__Task statement__: With pictures left out, output exactly the lines of the listing below from the line that has "A female robin" to the line that has "Senna de engelse", both lines kept.

__Material supplied__:
▬▬▬

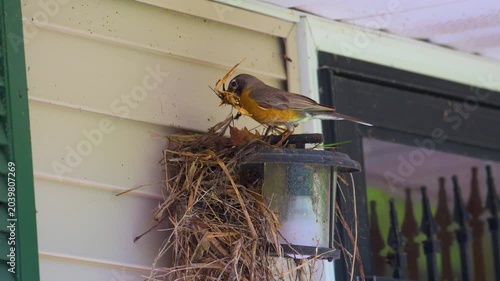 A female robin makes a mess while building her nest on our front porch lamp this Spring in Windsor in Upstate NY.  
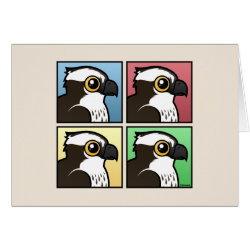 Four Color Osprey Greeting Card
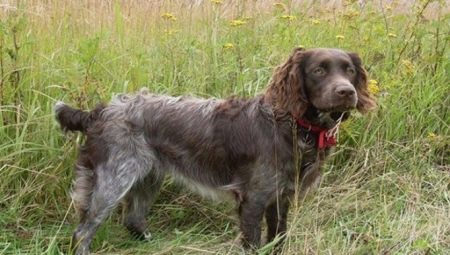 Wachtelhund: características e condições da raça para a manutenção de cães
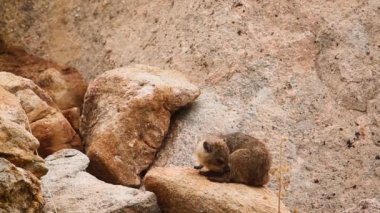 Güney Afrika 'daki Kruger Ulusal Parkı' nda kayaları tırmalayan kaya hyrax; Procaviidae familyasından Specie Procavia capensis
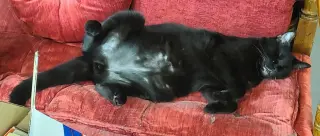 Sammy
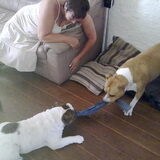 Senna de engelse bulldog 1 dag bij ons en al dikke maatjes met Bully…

▬▬▬

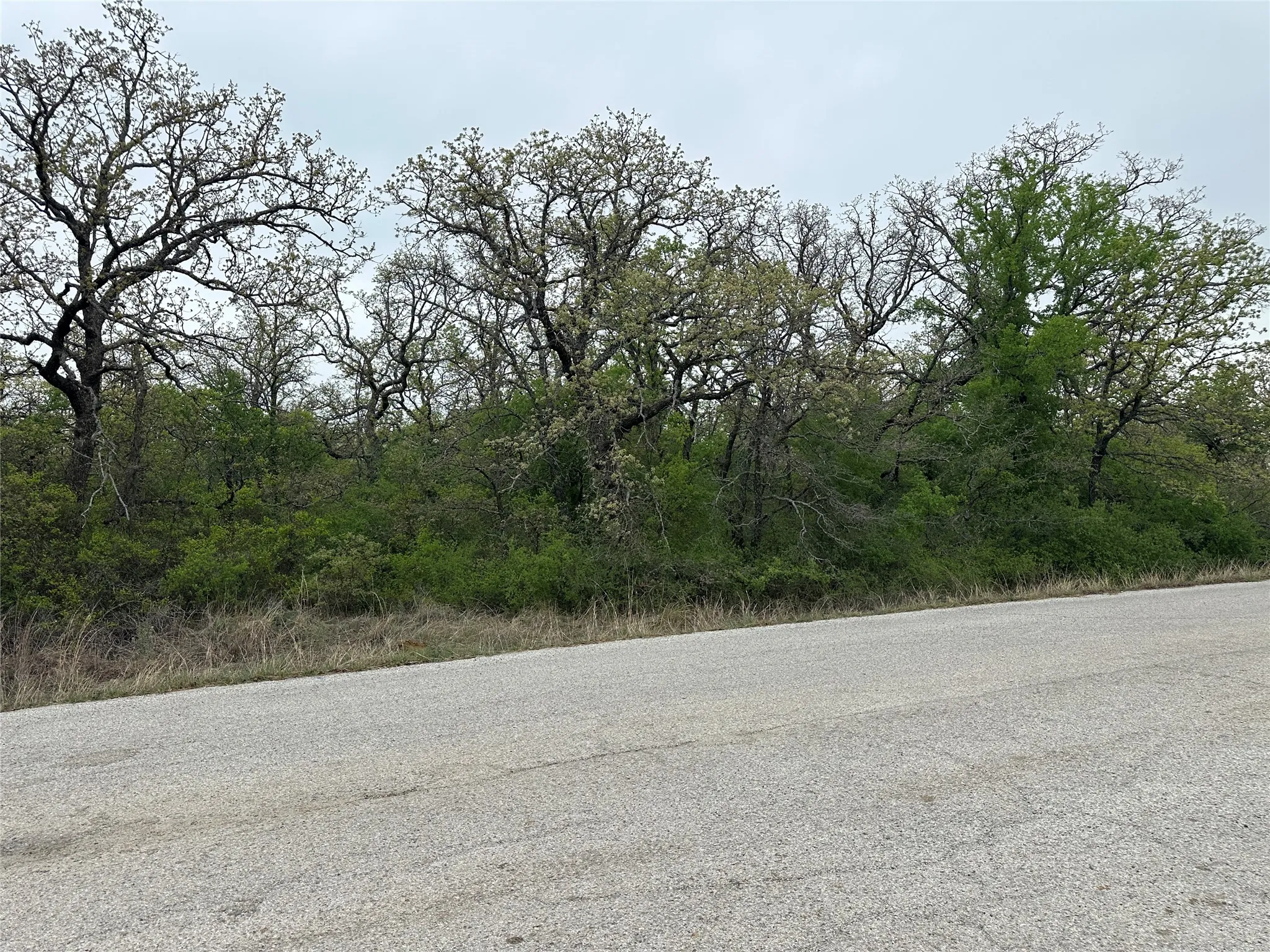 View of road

▬▬▬

__Task response__:
 A female robin makes a mess while building her nest on our front porch lamp this Spring in Windsor in Upstate NY.  
 Four Color Osprey Greeting Card
 Wachtelhund: características e condições da raça para a manutenção de cães
 Güney Afrika 'daki Kruger Ulusal Parkı' nda kayaları tırmalayan kaya hyrax; Procaviidae familyasından Specie Procavia capensis
 Sammy
 Senna de engelse bulldog 1 dag bij ons en al dikke maatjes met Bully…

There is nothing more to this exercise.